New user of cockroach. We’ll find out! If this startup ever makes it to any meaningful user sizd

988747 · on Sept 26, 2022

I've been successfully running Postgres in Kubernetes with the Operator from Crunchy Data. It makes HA setup really easy with a tool called Patroni, which basically takes care of all the hard stuff. Running 1 primary and 2 replicas is really no harder than running single-node Postgres.

qeternity · on Sept 26, 2022

Yes as I mention in an earlier comment we use Patroni and love it.

jmarbach · on Sept 26, 2022

$0.50 per extra GB seems high, especially for a storage-intensive app. Given the cost of cloud Object Storage services it doesn't seem to make much sense.

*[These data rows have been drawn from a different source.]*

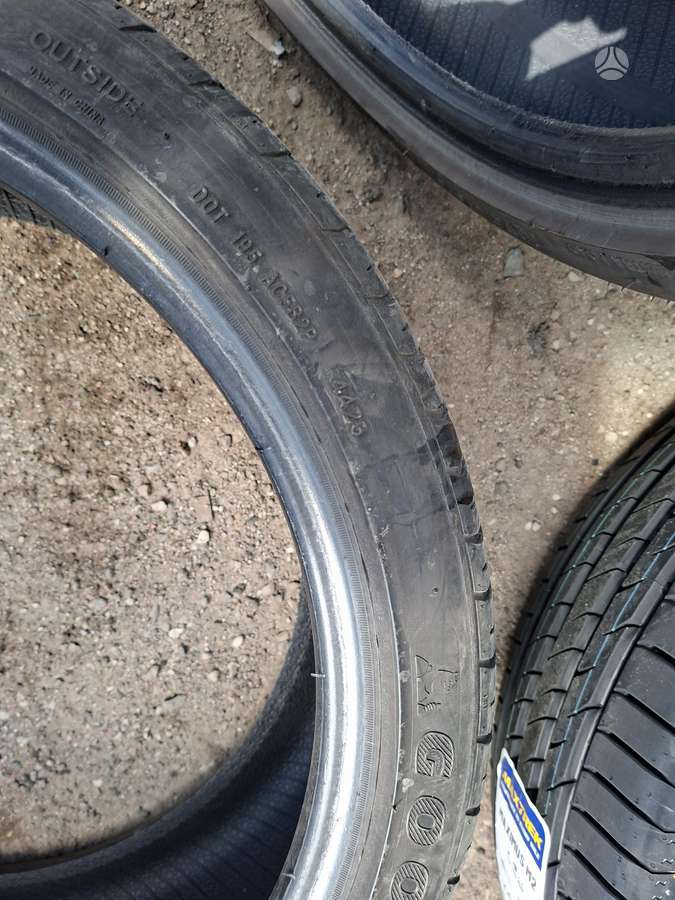Goodride, vasarinės 225/40 R18
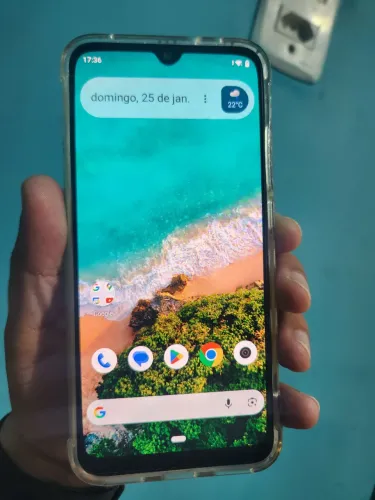 Smartphone Xiaomi mi a3 (Leia a descrição antes de comprar tem detalhes)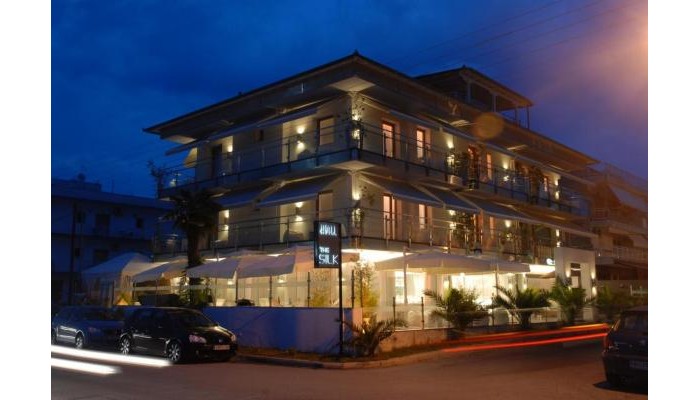 The Silk Design Hotel poza 2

Examples of alternatives for managed Postgres:

* Supabase is $0.125 per GB

* DigitalOcean managed Postgres is ~$0.35 per GB

claytongulick · on Sept 27, 2022

I really wish I could use DO, but unless something has changed recently, they don't support delta backups, which is a deal killer for me.

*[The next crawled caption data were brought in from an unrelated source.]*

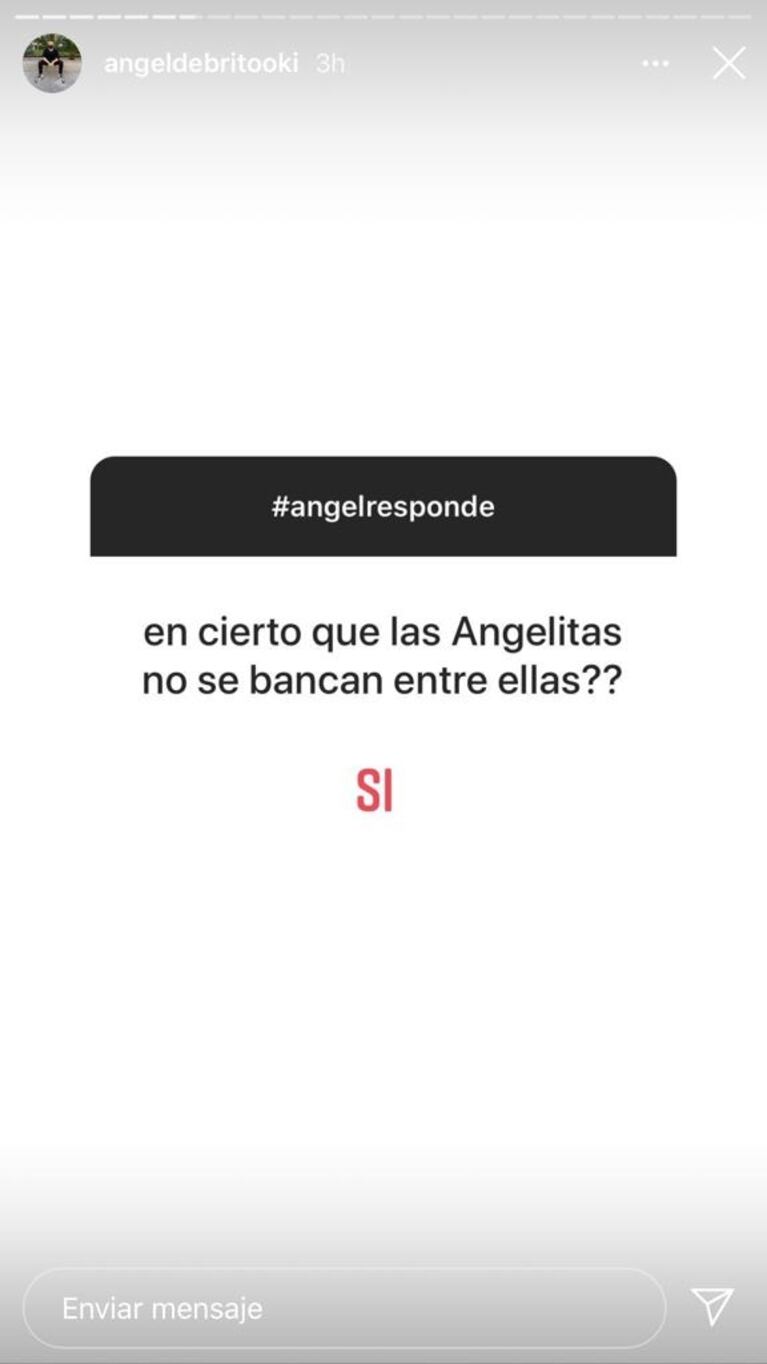 Ángel de Brito reveló sin filtros cómo realmente se llevan sus panelistas de LAM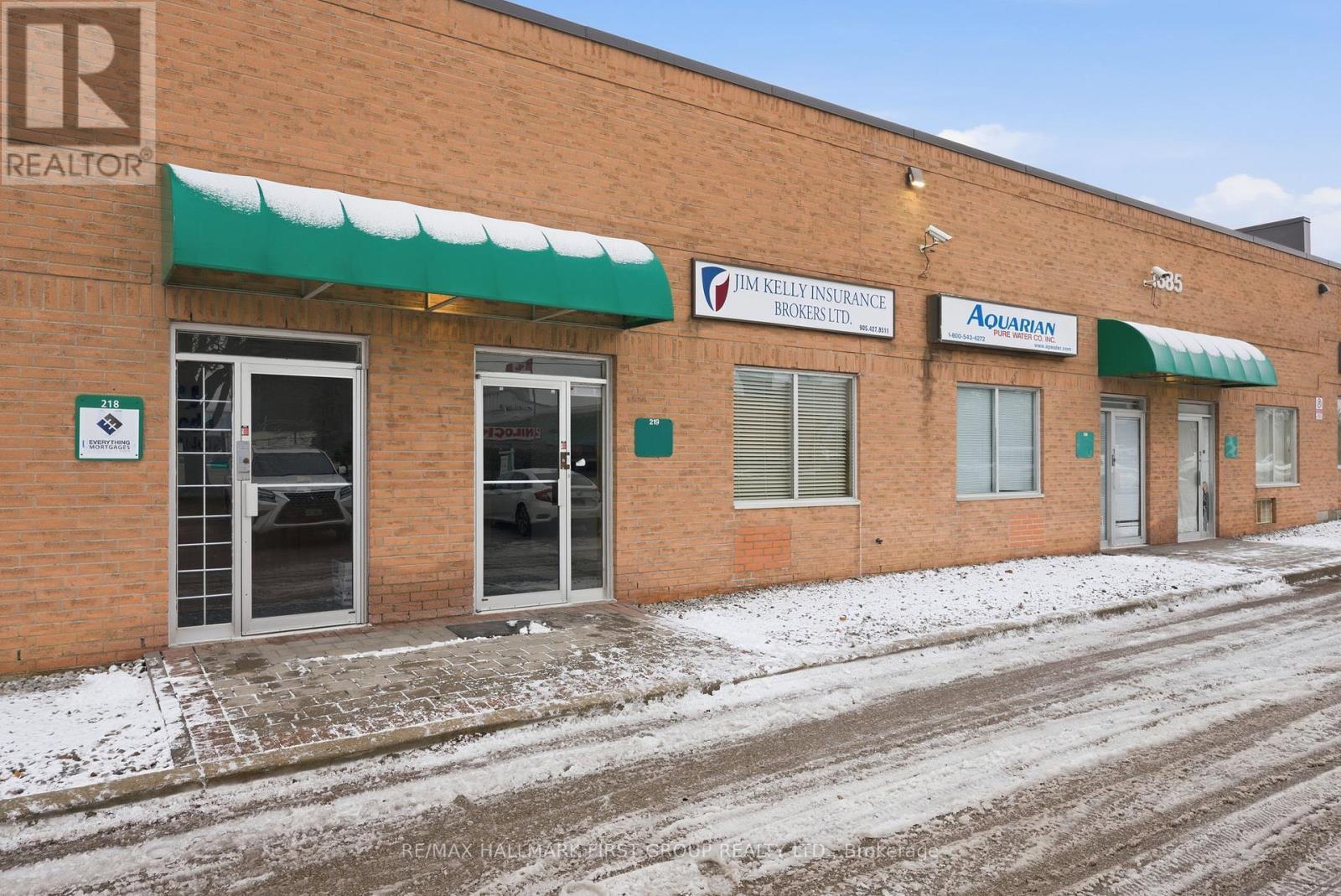 219 - 1885 Clements Road, Pickering, ON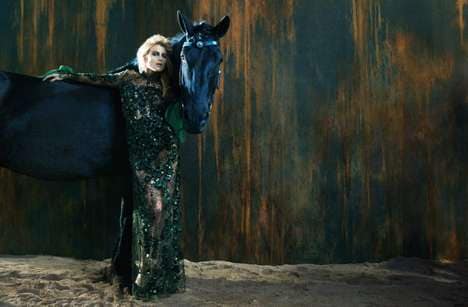 Couture Equestrian Campaigns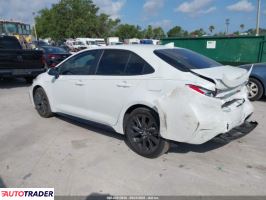 Toyota Corolla 2024 2 Toyota Corolla 2024 2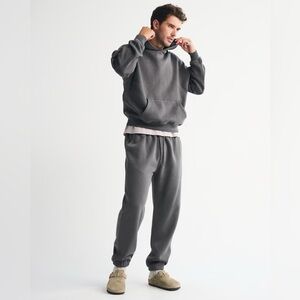 Abercrombie Essential Sweatpants Mens
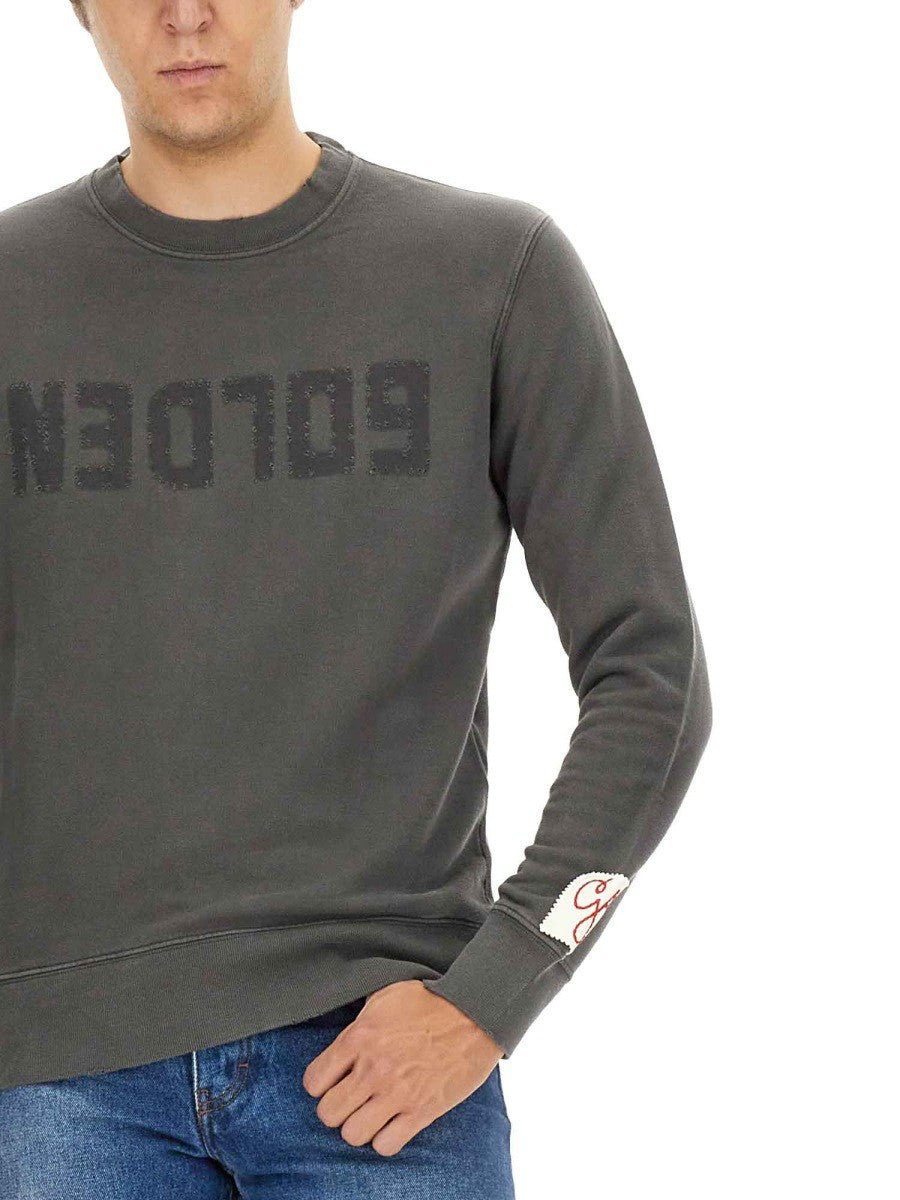 Golden Goose REGULAR FIT SWEATSHIRT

For small startups, my DR/HA plan is hourly delta snapshots of the whole volume.

GCP, AWS and Azure all make this possible.

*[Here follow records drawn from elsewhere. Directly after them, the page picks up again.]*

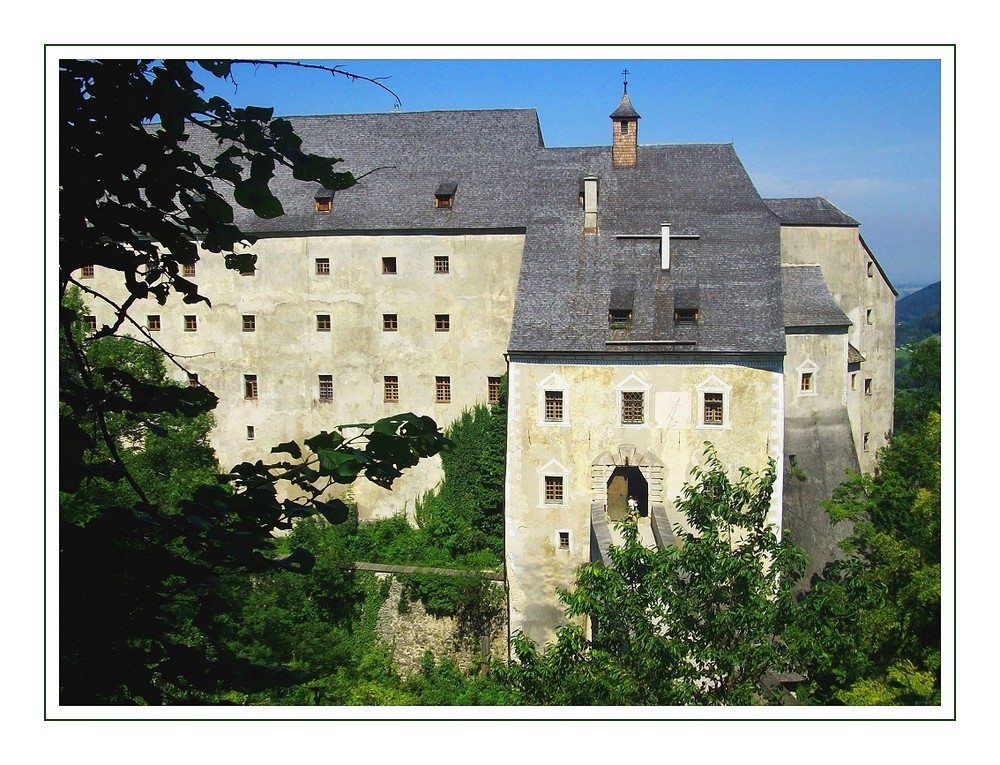 .. burg altpernstein ..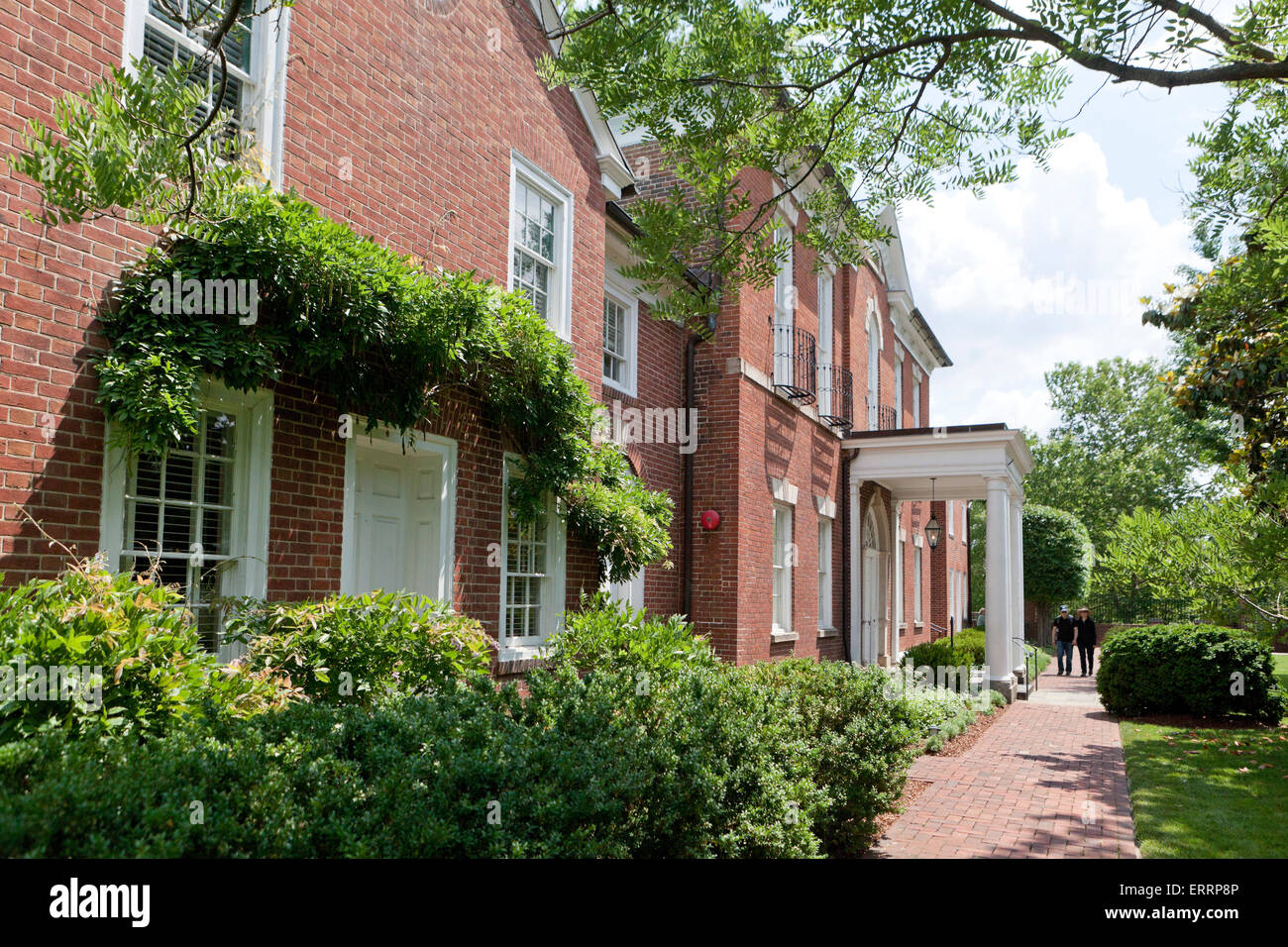 Dumbarton house hires stock photography and images Alamy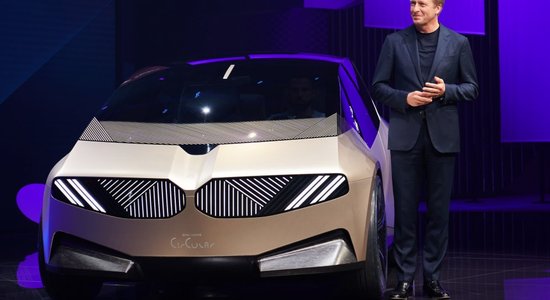 Глава BMW: европейские автопроизводители не выдержат конкуренцию с китайскими электромобилями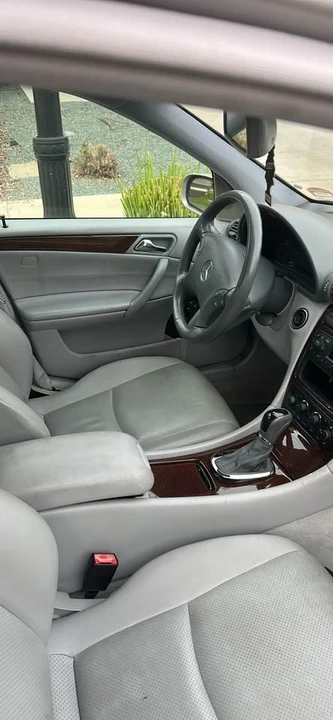 2003 Mercedes-Benz W203 C-Class - Image 4 of 4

makestuff · on Sept 26, 2022

SUpabase runs on AWS so they are either losing a ton of money, have some amazing deal with AWS, or the $0.50 is inaccurate.

kiwicopple · on Sept 26, 2022

(supabase ceo)

EBS pricing is here: https://aws.amazon.com/ebs/pricing/

I'd have to check with the team but I'm 80% sure we're on gp3 ($0.08/GB-month).

That said, we have a very generous free tier. With AWS we have an enterprise plan + savings plan + reserved instances. Not all of these affect EBS pricing, but we end up paying a lot less than the average AWS user due to our high-usage.

neilv · on Sept 26, 2022

I didn't see "backups" mentioned in that, though I'm sure they have them. Depending on your needs, it's a big thing to keep in mind while weighing options.

For a small startup or operation, a managed service having credible snapshots, PITR backups, failover, etc. is going to save a business a lot of ops cost, compared to DIY designing, implementing, testing, and drilling, to the same level of credibility.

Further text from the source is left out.